[WHAT YOU WILL DO]: With pictures excluded, output exactly the lines that run from the first line of the data below through the line containing "Sweet + Sassy Shopping Event".
..........
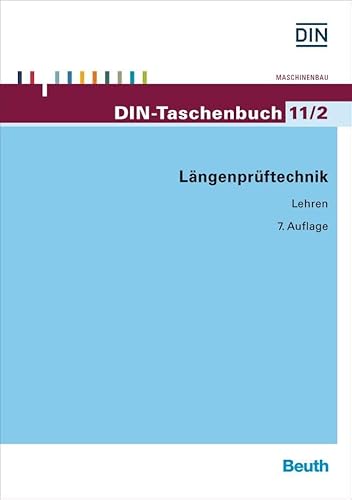 Längenprüftechnik 2: Lehren (DIN-Taschenbuch) von Beuth Verlag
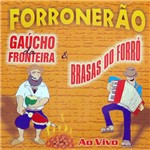 Ficha técnica e caractérísticas do produto CD Gaúcho da Fronteira & Brasas do Forró - Forronerão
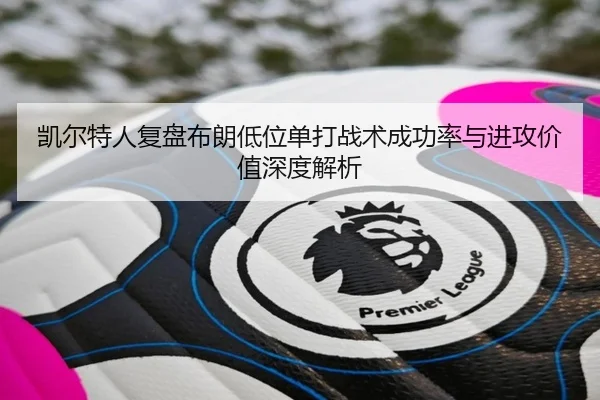 凯尔特人复盘布朗低位单打战术成功率与进攻价值深度解析
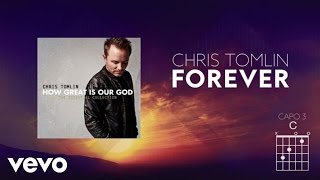 Chris Tomlin  Forever Lyrics And Chords [upl. by Noll794]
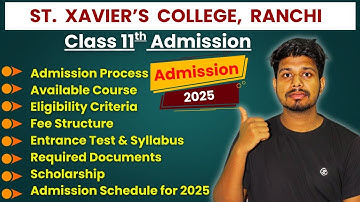 St. Xavier’s College Ranchi 2025 11th Class Admission | Eligibility, Fees, Entrance Exam, Documents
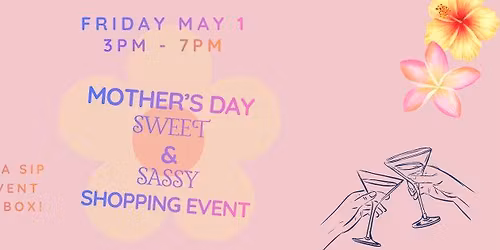 Sweet + Sassy Shopping Event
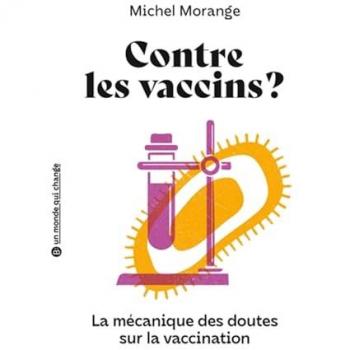Contre les vaccins ?: La mécanique des doutes sur la vaccination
..........
[COMPLETED EXERCISE]:
 Längenprüftechnik 2: Lehren (DIN-Taschenbuch) von Beuth Verlag
 Ficha técnica e caractérísticas do produto CD Gaúcho da Fronteira & Brasas do Forró - Forronerão
 凯尔特人复盘布朗低位单打战术成功率与进攻价值深度解析
 Chris Tomlin  Forever Lyrics And Chords [upl. by Noll794]
 St. Xavier’s College Ranchi 2025 11th Class Admission | Eligibility, Fees, Entrance Exam, Documents
 Sweet + Sassy Shopping Event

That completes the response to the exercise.